** THE PROBLEM **
For each record, copy the text exactly and omit any picture it holds.

** EXERCISE INPUT **
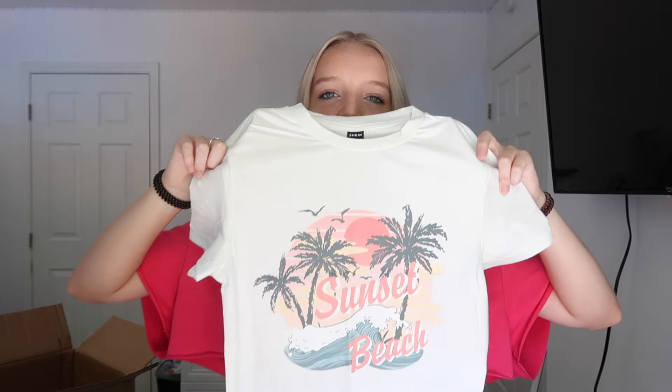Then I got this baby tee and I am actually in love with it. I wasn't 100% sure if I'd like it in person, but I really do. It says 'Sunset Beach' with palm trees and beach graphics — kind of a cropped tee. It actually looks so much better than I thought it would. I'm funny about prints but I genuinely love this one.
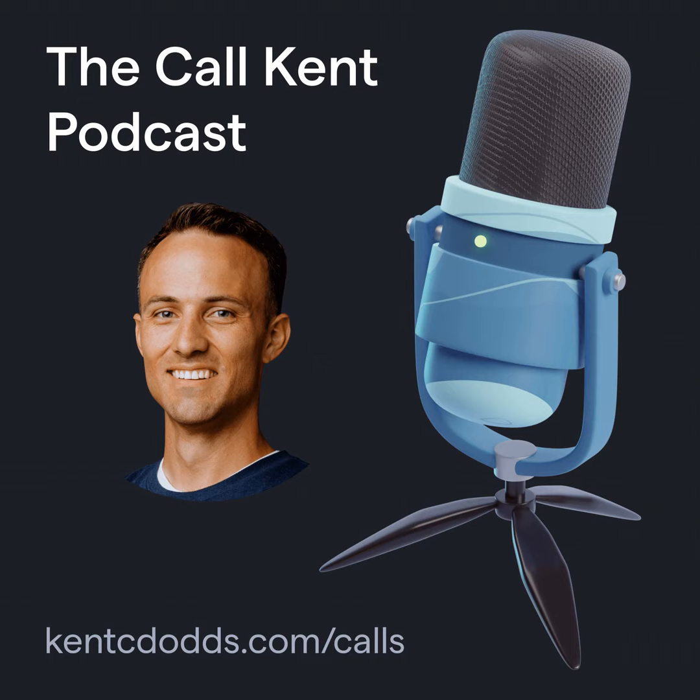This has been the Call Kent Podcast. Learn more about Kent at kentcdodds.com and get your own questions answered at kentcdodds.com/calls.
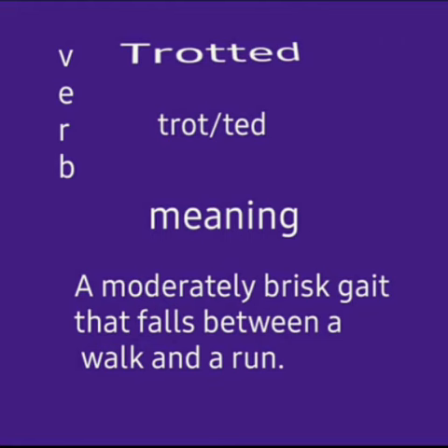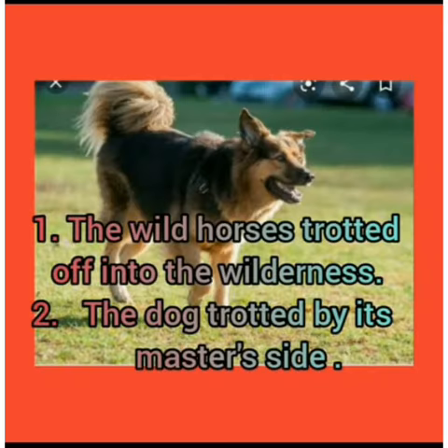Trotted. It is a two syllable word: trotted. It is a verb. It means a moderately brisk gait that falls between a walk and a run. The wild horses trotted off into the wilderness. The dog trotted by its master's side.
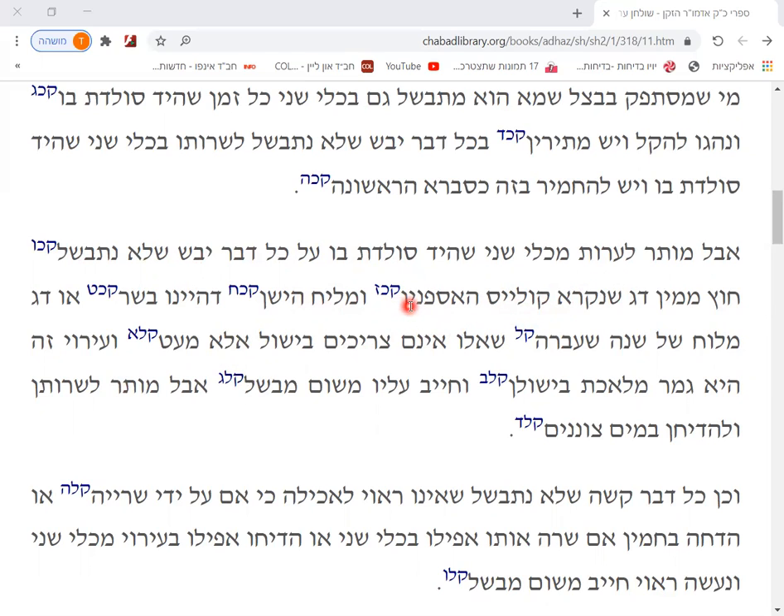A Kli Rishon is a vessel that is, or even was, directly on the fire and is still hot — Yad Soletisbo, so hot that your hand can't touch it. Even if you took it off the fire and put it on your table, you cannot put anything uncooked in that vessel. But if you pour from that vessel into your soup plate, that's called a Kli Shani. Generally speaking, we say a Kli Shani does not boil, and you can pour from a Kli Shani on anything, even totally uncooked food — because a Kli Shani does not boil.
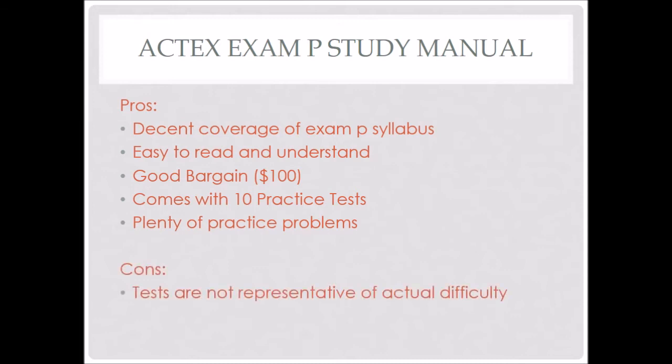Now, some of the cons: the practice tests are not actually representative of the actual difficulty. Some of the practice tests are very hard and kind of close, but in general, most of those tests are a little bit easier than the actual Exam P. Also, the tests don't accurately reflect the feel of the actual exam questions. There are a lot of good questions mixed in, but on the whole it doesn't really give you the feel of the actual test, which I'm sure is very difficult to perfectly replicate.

** WRITTEN SOLUTION **
Then I got this baby tee and I am actually in love with it. I wasn't 100% sure if I'd like it in person, but I really do. It says 'Sunset Beach' with palm trees and beach graphics — kind of a cropped tee. It actually looks so much better than I thought it would. I'm funny about prints but I genuinely love this one.
This has been the Call Kent Podcast. Learn more about Kent at kentcdodds.com and get your own questions answered at kentcdodds.com/calls.
Trotted. It is a two syllable word: trotted. It is a verb. It means a moderately brisk gait that falls between a walk and a run. The wild horses trotted off into the wilderness. The dog trotted by its master's side.
A Kli Rishon is a vessel that is, or even was, directly on the fire and is still hot — Yad Soletisbo, so hot that your hand can't touch it. Even if you took it off the fire and put it on your table, you cannot put anything uncooked in that vessel. But if you pour from that vessel into your soup plate, that's called a Kli Shani. Generally speaking, we say a Kli Shani does not boil, and you can pour from a Kli Shani on anything, even totally uncooked food — because a Kli Shani does not boil.
Now, some of the cons: the practice tests are not actually representative of the actual difficulty. Some of the practice tests are very hard and kind of close, but in general, most of those tests are a little bit easier than the actual Exam P. Also, the tests don't accurately reflect the feel of the actual exam questions. There are a lot of good questions mixed in, but on the whole it doesn't really give you the feel of the actual test, which I'm sure is very difficult to perfectly replicate.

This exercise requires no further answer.